Esmée smiled a little weakly. She had forgotten how much her aunt talked. “Are you sure, ma’am, that this is what you want?” she asked. “I should not wish you to be embarrassed in any way by my presence.”
“Nonsense!” said Lady Tatton. “You are my niece, Esmée, and much loved, as I hope you are aware. We’ll just brazen out any gossip—my reputation is unassailable, you know—and you shall give me something to do in the spring.”
“Shall I?” asked Esmée. “What?”
Lady Tatton’s eyes widened. “Why, I shall bring you out, goose!” she said. “What else have I to do with Anne away, and her children all settled? You’ll be in half-mourning, of course, so we can’t cut such a
spectacular
dash, which, given your looks, we otherwise might have done. And you really are too old to be a debutant, in any traditional sense. But many gentlemen prefer older, more sensible girls.”
“I—I beg your pardon?”
Lady Tatton patted her arm. “I’m trying to tell you we shall find you a good, staid husband nonetheless,” she said. “Indeed, now I think on it, perhaps we oughtn’t wait until spring.”
“Oh,” said Esmée softly. “No, I don’t think—”

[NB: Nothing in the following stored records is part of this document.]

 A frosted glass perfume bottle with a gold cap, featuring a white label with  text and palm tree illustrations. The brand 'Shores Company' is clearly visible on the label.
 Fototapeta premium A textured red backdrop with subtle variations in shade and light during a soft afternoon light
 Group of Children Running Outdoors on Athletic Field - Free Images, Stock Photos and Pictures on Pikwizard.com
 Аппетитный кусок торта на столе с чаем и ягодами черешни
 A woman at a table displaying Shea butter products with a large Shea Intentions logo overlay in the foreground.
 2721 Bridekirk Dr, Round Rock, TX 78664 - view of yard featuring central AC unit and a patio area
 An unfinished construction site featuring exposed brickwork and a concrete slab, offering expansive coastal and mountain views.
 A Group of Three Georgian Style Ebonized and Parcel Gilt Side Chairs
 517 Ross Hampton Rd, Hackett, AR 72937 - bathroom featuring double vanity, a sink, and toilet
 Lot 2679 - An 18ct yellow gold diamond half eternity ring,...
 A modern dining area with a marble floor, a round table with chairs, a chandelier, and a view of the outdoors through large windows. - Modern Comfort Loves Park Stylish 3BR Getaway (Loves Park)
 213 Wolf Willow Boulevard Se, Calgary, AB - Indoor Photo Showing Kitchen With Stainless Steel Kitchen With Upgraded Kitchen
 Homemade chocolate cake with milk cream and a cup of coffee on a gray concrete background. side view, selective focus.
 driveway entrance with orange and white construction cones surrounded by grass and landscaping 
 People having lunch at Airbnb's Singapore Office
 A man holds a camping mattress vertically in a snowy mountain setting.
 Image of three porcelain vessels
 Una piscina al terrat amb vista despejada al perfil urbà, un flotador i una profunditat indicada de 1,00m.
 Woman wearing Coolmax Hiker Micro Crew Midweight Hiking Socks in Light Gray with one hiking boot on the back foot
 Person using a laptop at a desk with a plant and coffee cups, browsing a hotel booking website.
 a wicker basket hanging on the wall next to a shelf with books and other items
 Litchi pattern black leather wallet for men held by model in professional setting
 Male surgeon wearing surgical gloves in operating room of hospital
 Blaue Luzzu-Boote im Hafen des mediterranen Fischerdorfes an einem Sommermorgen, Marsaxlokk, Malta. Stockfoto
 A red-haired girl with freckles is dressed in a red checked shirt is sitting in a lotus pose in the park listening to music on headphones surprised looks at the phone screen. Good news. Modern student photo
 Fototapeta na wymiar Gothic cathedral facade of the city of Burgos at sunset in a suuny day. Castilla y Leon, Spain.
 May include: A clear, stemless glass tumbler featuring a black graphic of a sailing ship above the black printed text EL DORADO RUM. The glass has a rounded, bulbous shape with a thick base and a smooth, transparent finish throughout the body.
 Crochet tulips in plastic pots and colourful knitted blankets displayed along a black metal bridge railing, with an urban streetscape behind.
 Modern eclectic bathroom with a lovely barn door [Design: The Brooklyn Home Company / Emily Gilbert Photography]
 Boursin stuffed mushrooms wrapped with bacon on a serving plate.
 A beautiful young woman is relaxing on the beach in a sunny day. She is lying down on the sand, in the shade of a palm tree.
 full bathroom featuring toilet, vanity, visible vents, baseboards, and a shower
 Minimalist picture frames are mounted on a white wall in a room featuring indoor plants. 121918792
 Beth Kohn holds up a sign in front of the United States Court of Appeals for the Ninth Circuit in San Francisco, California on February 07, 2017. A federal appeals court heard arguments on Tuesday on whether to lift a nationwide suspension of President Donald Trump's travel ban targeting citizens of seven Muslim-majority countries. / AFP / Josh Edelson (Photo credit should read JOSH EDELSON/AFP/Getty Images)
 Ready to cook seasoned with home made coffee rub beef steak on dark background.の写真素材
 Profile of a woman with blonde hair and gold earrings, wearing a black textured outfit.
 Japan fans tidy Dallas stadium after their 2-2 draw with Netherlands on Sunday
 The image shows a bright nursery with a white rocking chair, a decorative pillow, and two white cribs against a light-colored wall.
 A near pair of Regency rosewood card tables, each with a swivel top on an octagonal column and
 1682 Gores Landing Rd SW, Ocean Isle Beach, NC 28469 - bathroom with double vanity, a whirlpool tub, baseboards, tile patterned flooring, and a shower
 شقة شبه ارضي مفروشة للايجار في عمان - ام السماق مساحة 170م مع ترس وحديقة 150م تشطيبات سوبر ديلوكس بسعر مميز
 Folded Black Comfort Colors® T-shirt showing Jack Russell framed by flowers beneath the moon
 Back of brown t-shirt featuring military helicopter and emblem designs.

“Nonsense!” interjected Lady Tatton. “The sooner the better, before the gossip about Sorcha’s situation leaks out.”
Esmée pursed her lips a moment. “No, I am not at all sure I shall marry, Aunt Rowena.”
“Not marry? But what of that generous dowry dear Papa left you?”
Esmée was beginning to wish Cousin Anne had had a few more children to occupy Lady Tatton. “I’m to have it anyway when I turn thirty, am I not?” she said. “I shan’t need a husband then. Perhaps I shall become a bluestocking and retire to the country with a pack of hounds and a dozen cats.”
Lady Tatton seized her hand and kissed it. “I can see I mustn’t rush you!” she cried. “So we are agreed, then. We shall have quiet entertainments from now until spring—dinner parties and small, informal gatherings. You’ll have a lovely time, I promise you. In no time at all, you’ll have forgotten about this dreadful entanglement with Sir Alasdair MacLachlan. And if you should see him in town, my dear, you must at all cost turn your head and refuse to acknowledge him.”
“Why, I cannot do that,” she said. “He is Sorcha’s father.”
Lady Tatton pursed her lips again. “But he is not the sort of gentleman an unattached female
knows,
dear girl.”
Esmée stiffened. “I cannot be cut off from Sorcha,” she insisted. “Indeed, I won’t be. Really, Aunt, that is too cruel.”
Lady Tatton considered it but a moment. “Very well,” she said. “The child has a nurse, I daresay? Perhaps she can bring her to visit in the mornings. Sir Alasdair, I collect, doesn’t rise—perhaps doesn’t even
return
—until well past noon, so it isn’t as if he’d miss her. Trust me to think of something, Esmée. I would not for the world wish you or Sorcha unhappy.”
They concluded their bittersweet reunion with Lady Tatton going up to meet Sorcha, whom she declared a charming child. After clucking and cooing at the girl’s wound, and vowing it would be her unalloyed delight to take the child in as her own, Lady Tatton finally rose and kissed her nieces’ cheeks. She did not wish to leave Esmée behind, but finally bowed to Esmée’s wishes in that regard and promised to return for her in the late afternoon.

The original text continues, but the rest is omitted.